Il dominio e la crescita di Joel Embiid: sarà la prima scelta del Draft 2014?

Dominio allo stato puro. Solo così si può descrivere l’impatto che sta avendo Joel Embiid nelle ultime settimane. Il camerunense, che ha iniziato a giocare a basket solo qualche anno fa, sta dominando le partite, pur senza toccare molti palloni in attacco. Stanotte Kansas ha conquistato un importante successo per 80-78 su Oklahoma State ed Embiid è stato senza ombra di dubbio l’MVP del match, pur prendendo solo sei tiri. Sì, perché per poco il camerunense non ha chiuso con una pazzesca tripla-doppia: 13 punti, 11 rimbalzi e 8 stoppate recitava il suo tabellino al termine dell’incontro.

“Mio Dio, quanto talento che c’è in questo ragazzo! E’ veramente bravo”, ha esclamato Travis Ford, coach dei Cowboys.  Queste parole sono una testimonianza del fatto che nessuno si sarebbe mai aspettato che fosse davvero così forte e che soprattutto migliorasse così tanto nel giro di pochi mesi, tanto da renderlo probabilmente la top pick più talentuosa ed allo stesso tempo con  i migliori margini di crescita del prossimo Draft. Nessun altro prospetto può tenere testa allo strapotere fisico di Embiid (213 cm x 113 kg), ed infatti gli avversari sono costretti preparare il loro piano partita tenendo conto della capacità del 19enne di Kansas di proteggere il ferro e della sua abilità in post basso.

Ovviamente Embiid ha sempre avuto questi mezzi fisici fuori dal comune, ma con il passare del tempo si stanno scoprendo sempre di più le sue numerose abilità: non solo sta migliorando i movimenti ed il tocco, ma sta mostrando di possedere anche una buona conoscenza del gioco, che gli permette spesso di fare la cosa giusta. Per fare un esempio, ci ha messo poco ad imparare che dal post può essere letteralmente immarcabile: fa canestro con una continuità disarmante se non viene raddoppiato, ma quando il raddoppio arriva, riesce sempre a trovare il compagno libero e sono comunque dolori.

Inoltre, è migliorato anche il suo tempismo difensivo: basti pensare che contro Oklahoma State ha inflitto agli avversari 8 stoppate, commettendo solo 2 falli in 32 minuti di gioco. E ad un certo punto ha intimidito così tanto gli avversari, che questi hanno semplicemente rinunciato alla conclusione contro di lui.

Andrew Wiggins, compagno di squadra e diretto concorrente del prossimo Draft, è un ottimo difensore, ma non può incidere su una partita nel modo in cui Embiid ci riesce. E in attacco abbiamo visto diverse volte Wiggins faticare, nel momento in cui le difese gli prestano attenzioni particolari: basti pensare che stanotte i Cowboys lo hanno costretto a soli 3 punti e 2 rimbalzi. Jabari Parker al momento sembra più pronto di Wiggins, anche se ultimamente sta avendo problemi ad infilare i suoi tiri quando conta.

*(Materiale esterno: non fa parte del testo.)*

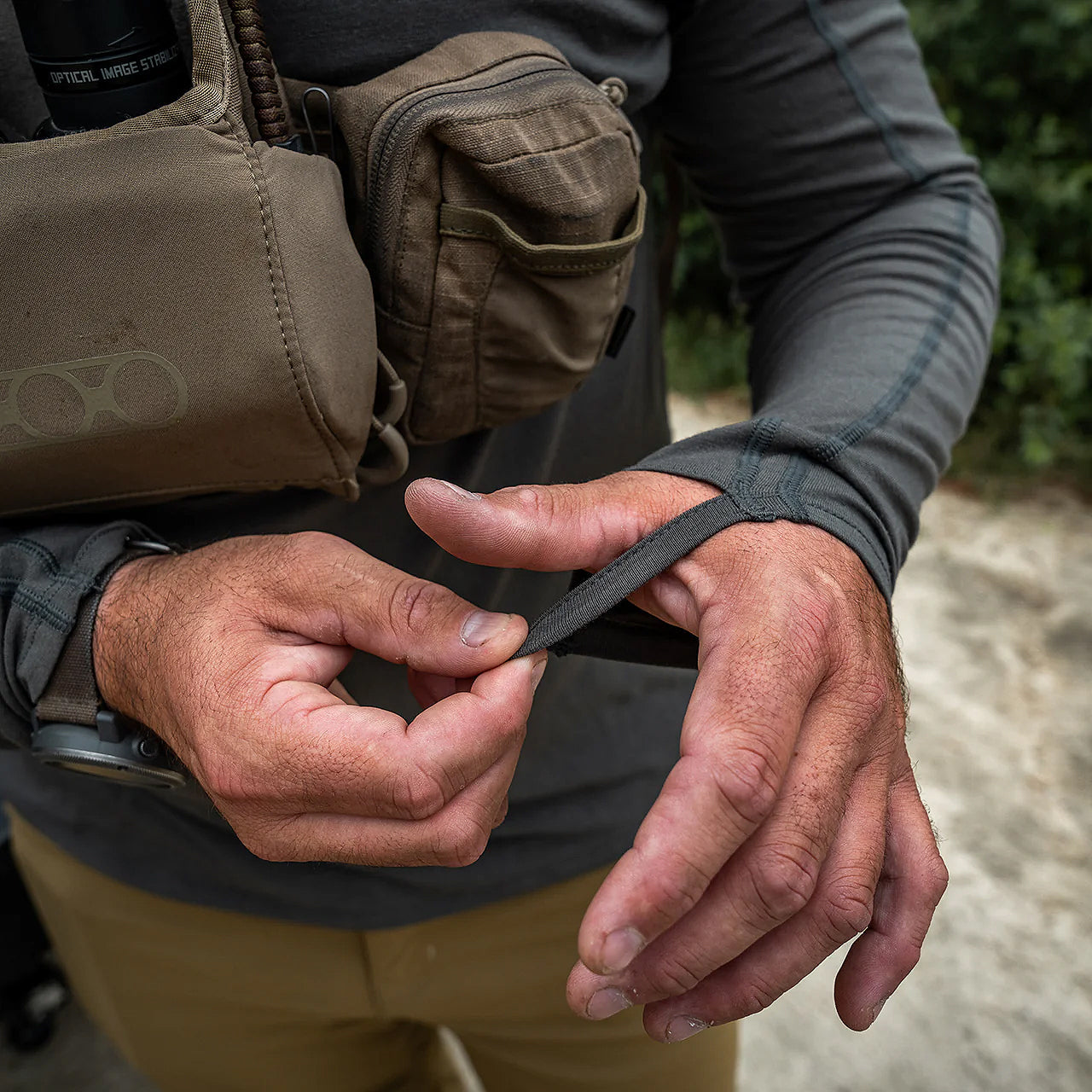 Eberlestock Lochsa Merino Zip Hoody - w/ Quick Dry & Moisture Wicking - OVERLANDERS Outfitter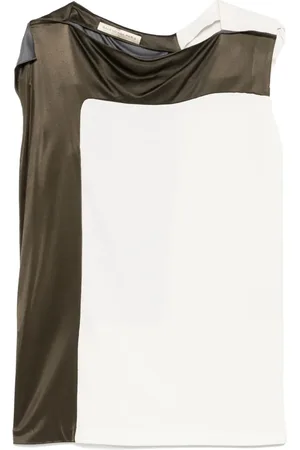 Balenciaga Blusa de dos tonos 2010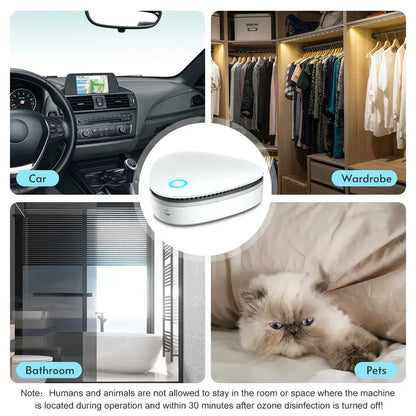 Odor Remover Machine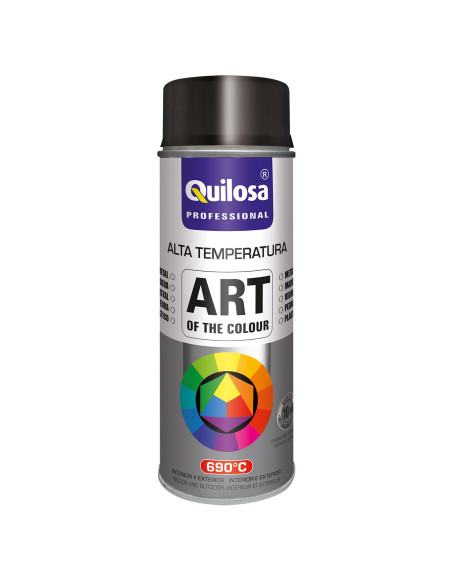 PINTURA SPRAY ANTICAL.NEGRA 400 ML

Embiid, invece, sta facendo la differenza ogni volta che mette piede sul parquet: basti pensare che ha dominato gli ultimi 7 minuti del primo tempo contro Oklahoma State, pur prendendo solo un tiro.

Probabilmente i gm, che hanno sempre mostrato una tendenza a scegliere con la prima chiamata il miglior lungo della nazione, staranno fantasticando su quanto ancora può migliorare Embiid nella NBA, se dopo tre anni scarsi che gioca a basket è già in grado di essere così dominante nel college. Non solo al momento sta giocando magnificamente, ma ha anche solo 19 anni e dei margini di crescita che nessun altro ha: vista la moria di lunghi veramente forti nella NBA, può rappresentare una soluzione valida fin da subito ed ha anche tutte le carte in regola per diventare dominante nel giro di qualche stagione. Se ho la prima scelta ed il mio centro titolare non è una superstar della lega, scelgo ad occhi chiusi Embiid, con buona pace di Wiggins e Parker.